Russian Destroyer Novik Successfully Engages Enemy Destroyers, E-99 and E-100


The Battle of the Gulf of Riga was an August 1915 naval operation of the German High Seas Fleet against the Russian Baltic Fleet in the Gulf of Riga off the Baltic Sea. The operation's objective was to destroy the Russian naval forces in the Gulf and facilitate the fall of Riga to the German Army by allowing the landing of troops to outflank Russian defenses. Ultimately, however, the German fleet failed to achieve its objective and was forced to return to its bases. Riga remained in Russian hands until a remarkable amphibious assault (Operation Albion) allowed the capture of the Baltic islands and the German Army captured the city of Riga.


Background

Russia's aging Baltic Fleet consisted of five pre-dreadnoughts with four dreadnoughts under construction, six old armoured cruisers, four light or protected cruisers, destroyers, torpedo boats, and a few small submarines.

Although the German forces allocated to Baltic operations were few in number, the Imperial German Navy with its 15 dreadnoughts, five battlecruisers and other modern ships, and the ability to transfer at ease between the North Sea and Baltic via the Kiel Canal, was more than a match for the Russians.



For nearly a decade, therefore, the Russian General Staff had set the Navy the objective of defending the Russian coastline and preventing any landings aimed at capturing Petrograd. A major plank in this strategy was the laying of offensive minefields off the Russian and German coasts. These claimed many victims.
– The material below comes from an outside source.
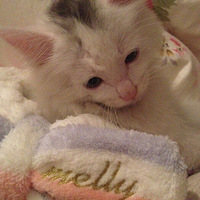 С׵¼ˣллҹģ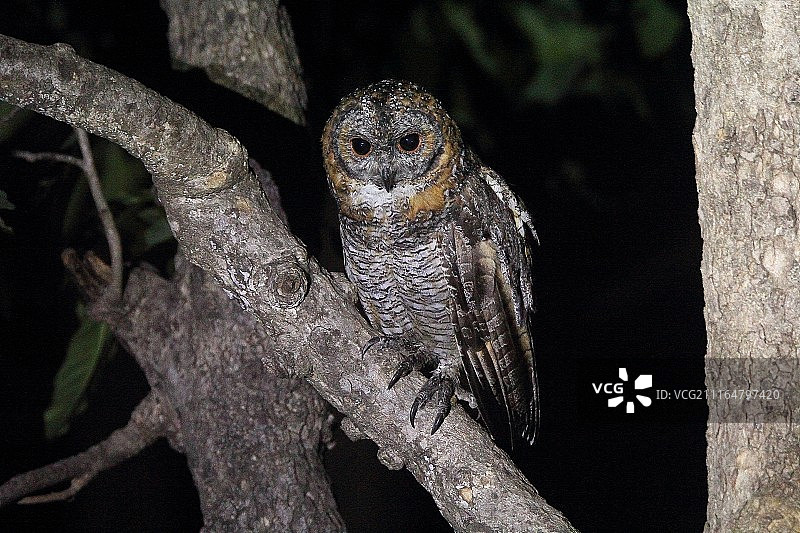 斑点木鸮图片素材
The  German Naval Attack on the Gulf of Riga

As the Germans advanced east and north into Russia, a strong naval force (Vice Adm Schmidt) complete with battleships stood ready on the 8th to break into the Gulf of Riga to destroy Russian naval forces and shipping and to lay mines. First, the minefields of the Irben Straits had to be cleared. Supporting them were eight dreadnoughts, three battlecruisers, light cruisers, and destroyers of the High Sea Fleet under the command of Vice Adm Hipper. The minefields proved a tough obstacle, and after German minesweeping torpedo-boats T-52 and T-58  were sunk by mines, the first attack was broken off.


Russian Battleship Slava


The second attempt was made on the 16th. A third German minesweeper  T-46  was also mined, but further Russian attempts to interfere with minesweeping were stopped when the old battleship Slava was driven off by German dreadnoughts Posen and Nassau, accompanied by three light cruisers and two destroyers. The main support force—the remaining six dreadnoughts and three battlecruisers—stayed in the Baltic. On the night of the 16th/17th, German destroyers V-99 and V-100 broke through the Irben Strait to look for the Slava. In a running battle with Russian destroyers, German V-99  was hit by Novik's gunfire, mined twice, and with severe battle damage and 21 men dead, scuttled on the morning of the 17th.

During the day of the 17th, as minesweeping continued, the Russian battleship Slava was hit three times by shells from dreadnoughts Posen and Nassau, and withdrew into Moon Sound. The Germans eventually cleared a passage through the dense minefields, and on the 19th, passed into the Gulf of Riga to attack Russian shipping. Late that night, a German large torpedo boat, S-31,  was mined and sunk within the Gulf of Riga off the island of Runö.


British Submarine E-1


Earlier on the 19th, out in the Baltic west of Dago, the covering German battlecruiser Moltke was torpedoed in the bow and slightly damaged by British submarine E-1 (Lt-Cdr Laurence) in her first success with the Baltic flotilla. By the 21st, with too many ships sunk and damaged, the Germans called off the attacks, and Riga was saved from bombardment from the sea. The city did not fall to the Germans for another two years.